### Task directions
Would you print the lines below exactly, beginning at the line that has "[upl. by Joon762]" and stopping after the line that has "Biela - Predné"? Only those lines, and no pictures.

### Supplied material
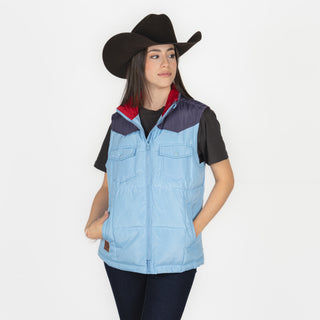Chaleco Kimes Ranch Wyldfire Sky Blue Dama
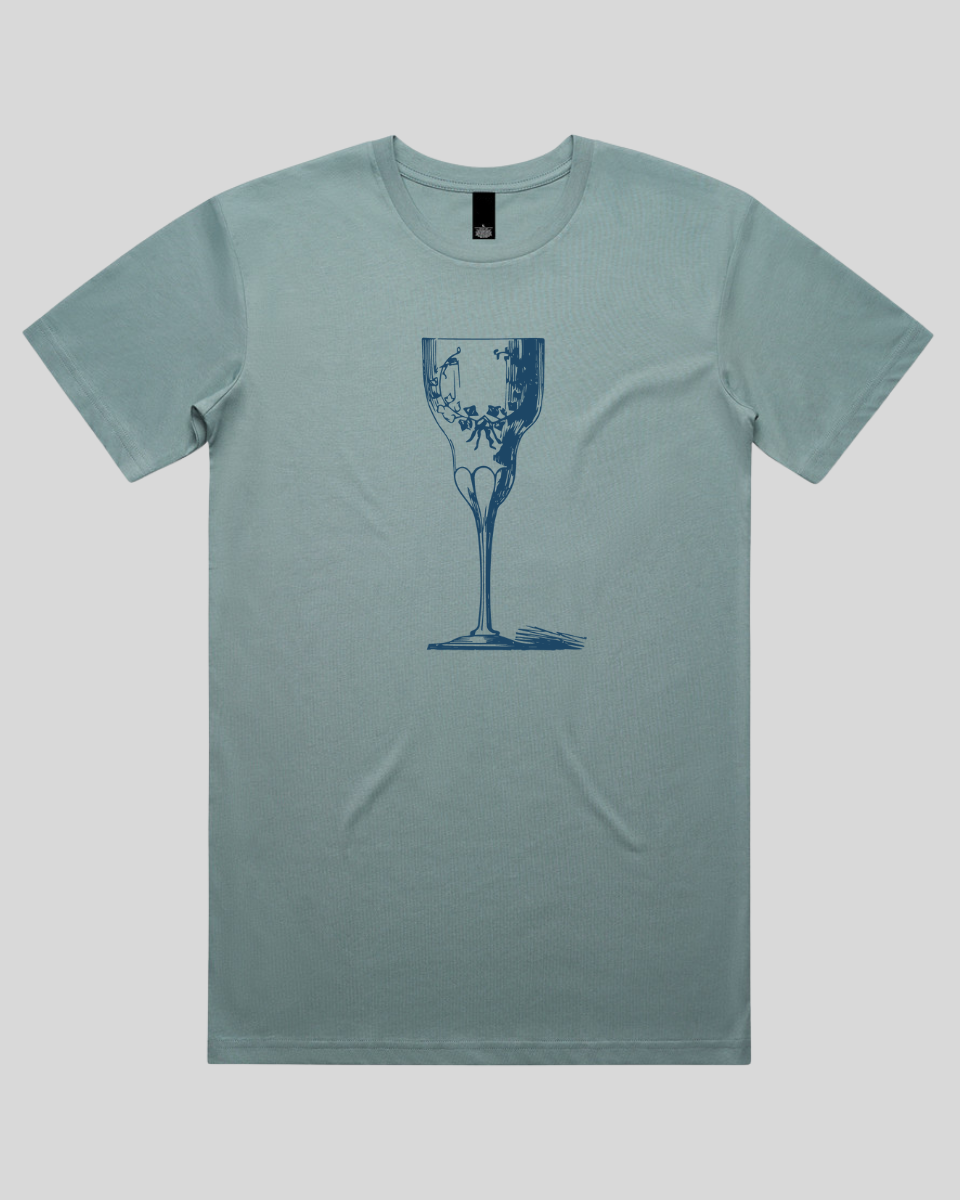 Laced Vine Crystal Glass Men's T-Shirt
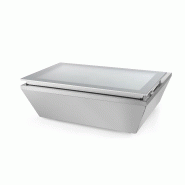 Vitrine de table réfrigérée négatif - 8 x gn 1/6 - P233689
...
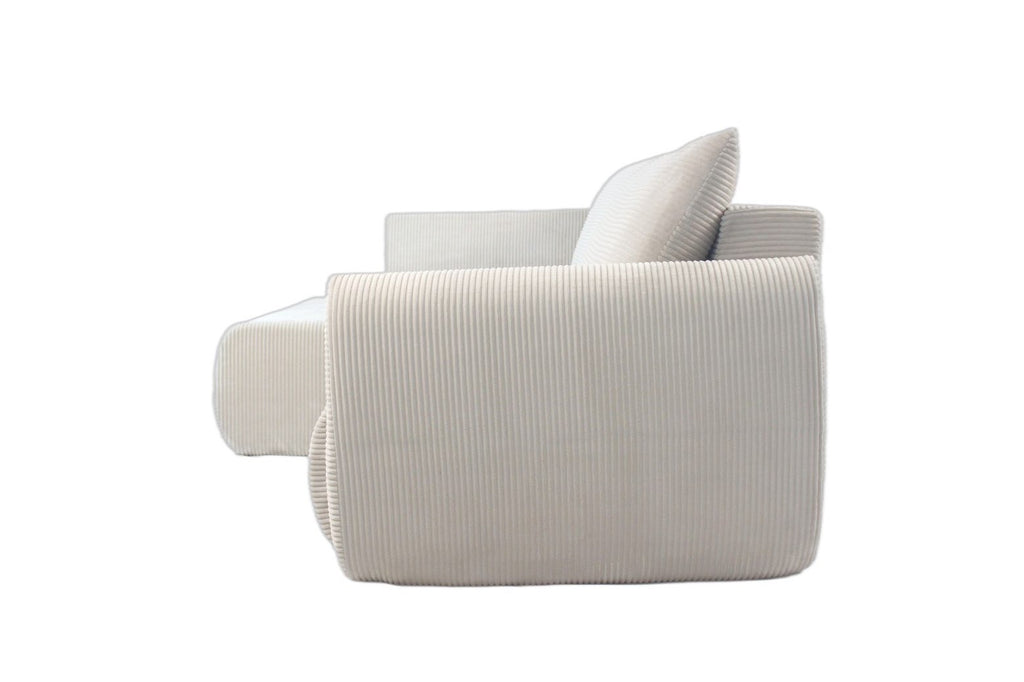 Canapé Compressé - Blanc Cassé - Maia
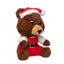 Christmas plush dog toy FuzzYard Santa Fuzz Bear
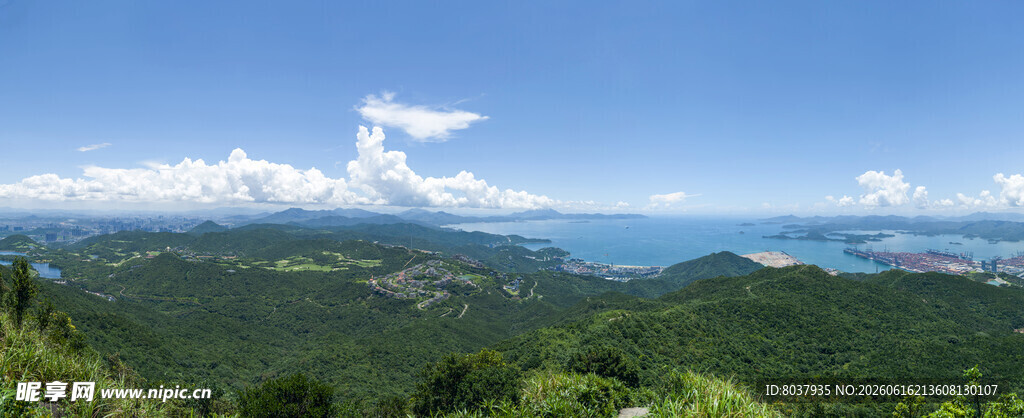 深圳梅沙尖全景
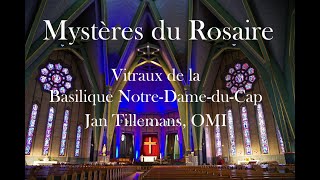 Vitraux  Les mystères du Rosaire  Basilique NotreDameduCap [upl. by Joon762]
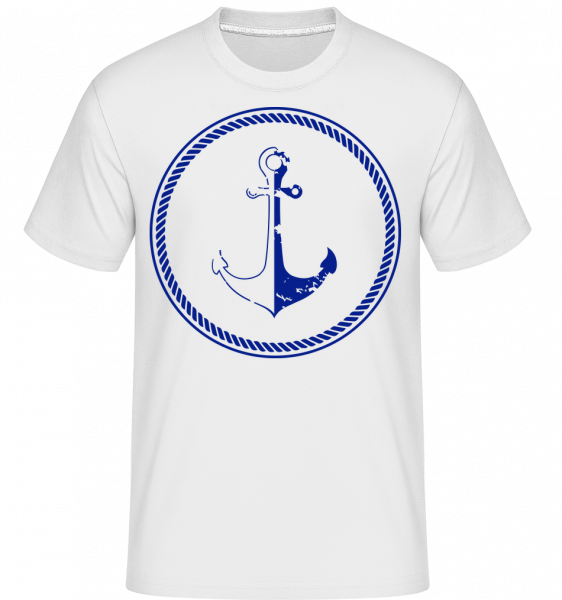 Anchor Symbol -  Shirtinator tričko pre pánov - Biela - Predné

### Result for this task
 Vitraux  Les mystères du Rosaire  Basilique NotreDameduCap [upl. by Joon762]
 Anchor Symbol -  Shirtinator tričko pre pánov - Biela - Predné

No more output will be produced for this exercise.